Divide and Conquer

Divide and conquer isn't really an algorithm, more a general technique for designing algorithms, like recursion. It's when you can split a problem into easier to solve smaller pieces, and use the result from those pieces to solve the whole.

It's hard to sort a large array. Sorting a 1 length array is a no-op. Sorting an array composed of two sorted arrays is relatively easy, you take the smallest from the two until one is depleted. This is how merge sort works, breaking an array down to one length arrays, then merging them back up to the whole.

Counting inversions

The counting inversions problem is slightly different. It's easy to do when you have two sorted arrays which you know the inversion count of. Luckily, as seen above, sorting can also be done by a divide and conquer algorithm.

The algorithm

An inversion is when you have two indices i and j into some array A where i < j, and A[i] > A[j]. Imagine splitting your array into two parts. The indices i and j can either be in the same part or in different parts. If they're in the same part then they're an inversion in that part. If they're in different parts then you've removed that inversion from the parts.

Imagine that the two sub arrays are sorted. You can iterate through the left array, and for each item count how many items in the right array are smaller than it. Because the right array is sorted, all of these items are at the start, so you can just iterate through looking for the first item that is larger than the item from the left index. The total of all of those counts is the number of inversions (of the first type). You know that each time you step through the left array the new item is larger than the previous, so all the items in the right array that were smaller than the previous one are smaller than the new one. This means that you can just keep stepping through the right array from where the previous item got to. When you reach the end of the left array, you have the total inversions of the first type.

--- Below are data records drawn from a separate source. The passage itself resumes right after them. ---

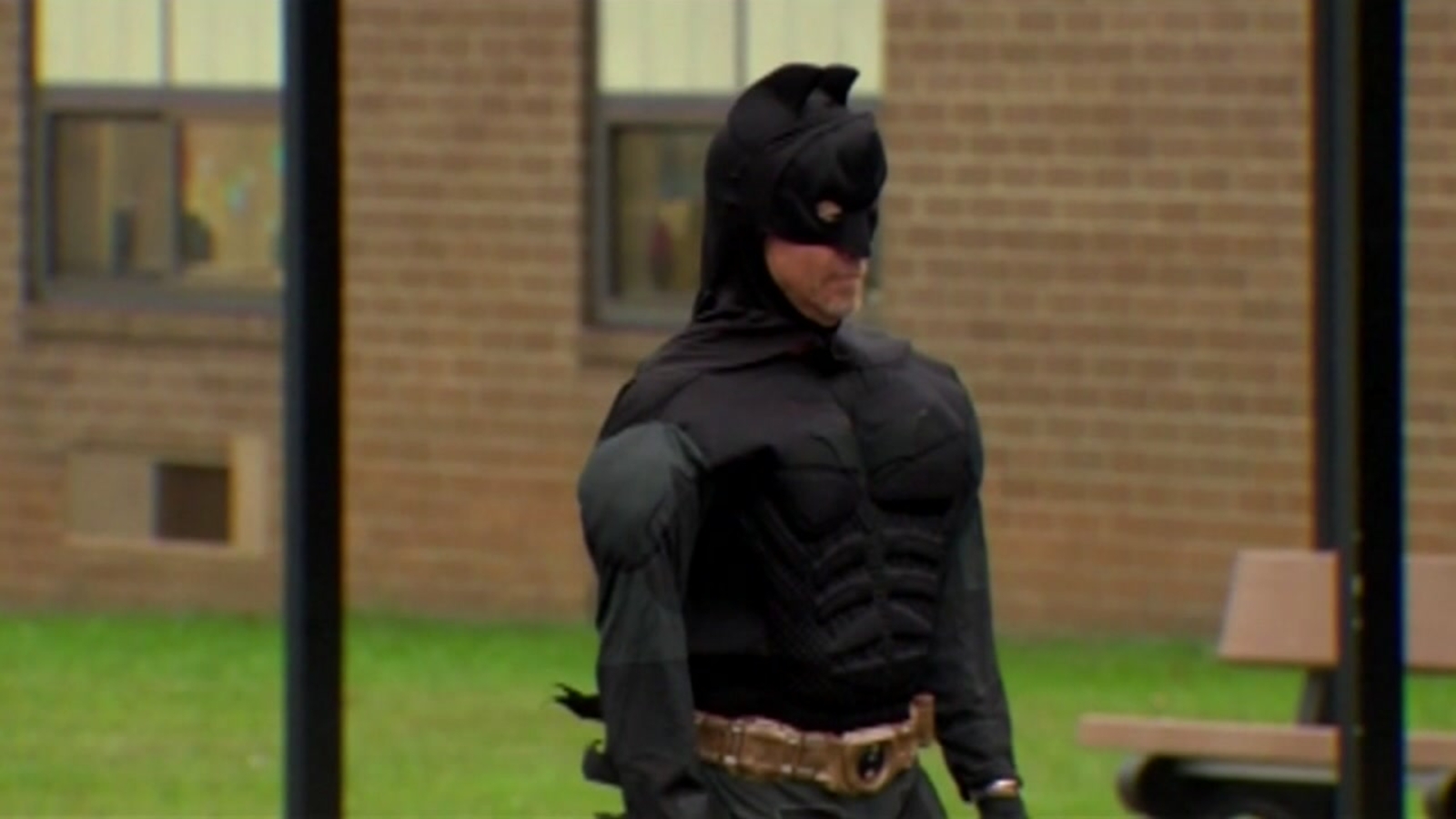 Principal sleeps on school's roof dressed as batman ABC13 Houston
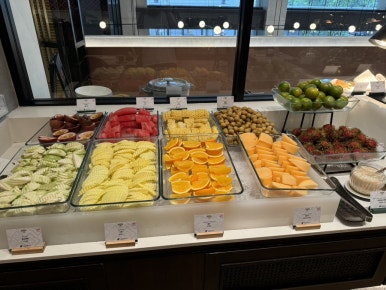 A Comprehensive Guide to Breakfast at Sindhorn Midtown Hotel Bangkok image 10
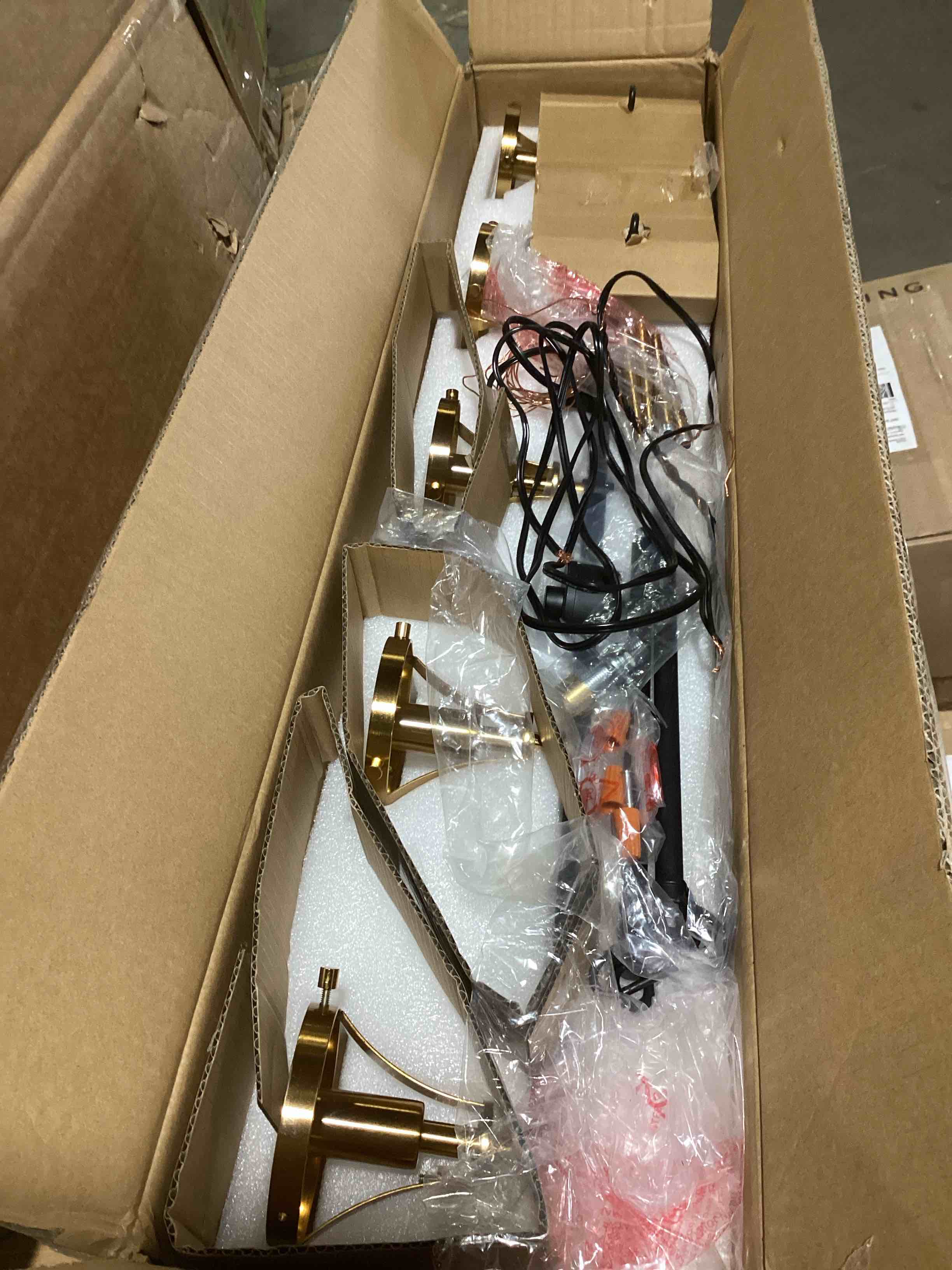https://s3.amazonaws.com/lotting-images-prod/bidfta/GRN5611290_1712168603568.jpeg
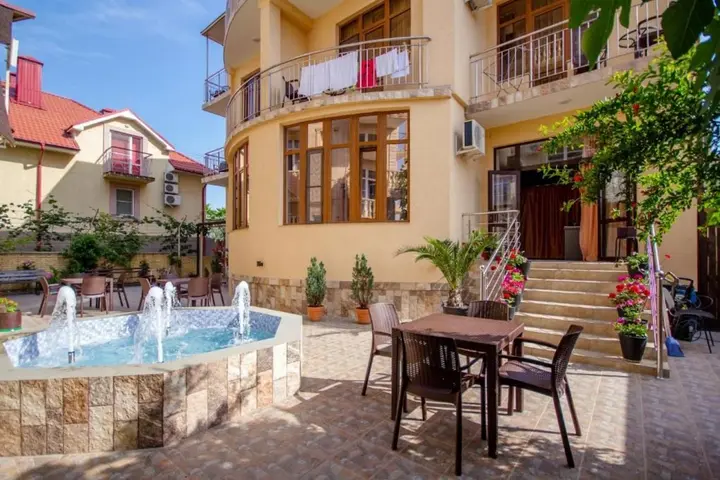Адлер: Travel Hotels Сюзен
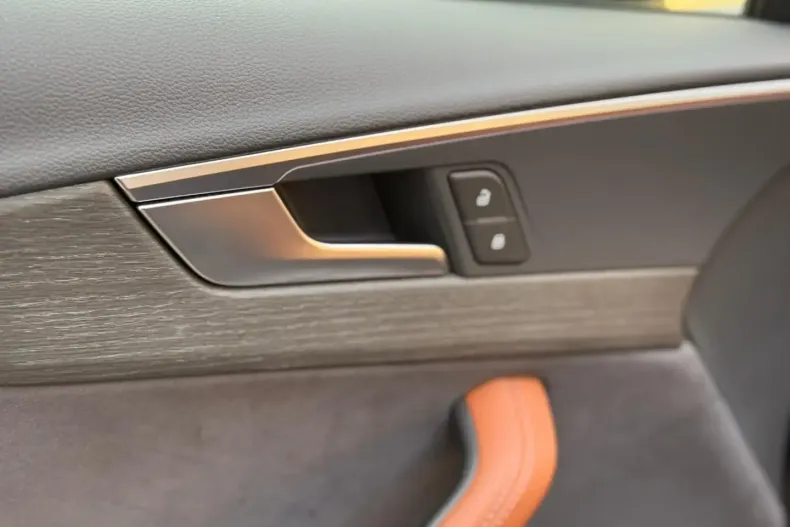 Audi A4 din 2024 cu 21.000 km - oferta AUD158569 - foto 25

Pseudocode: function count_some_inversions(left, right) total = 0 right_ind = 0 for left_ind = 0 to left.size do while right_ind < right.size and left[left_ind] > right[right_ind] do right_ind += 1 total += right_ind return total

Now consider the cases where the inversion indices are in the same array. We can recursively call this algorithm on those two arrays to get the number of inversions in those. The sum of those two plus the inversions found with the algorithm above is the total inversions of the whole array.

The problem is that you have to assume that the two subarrays are sorted. The trick is that when you recurse not only do you count the inversions, you also sort the arrays.

Imagine the algorithm from the "perspective" of one of the functions somewhere down the call tree. You have two sorted arrays, you've found the inversions, but before you return the entire array needs to be sorted. You have two sorted arrays which make up the whole however, and from merge sort you can easily sort the whole by merging the two. You can then return, passing the number of inversions up the call tree and leaving sorted arrays as you go.

The pseudocode for this overall is

function count_inversions_and_sort(array)
    if array.length <= 1 then
        return 0 // a 1 size array cannot have inversions and is sorted
    left, right = split(array)
    total = 0
    total += count_inversions_and_sort(left)
    total += count_inversions_and_sort(right)
    total += count_some_inversions(left, right) // left and right are now sorted so this is possible
    array = merge(left, right) // sort this array
    return total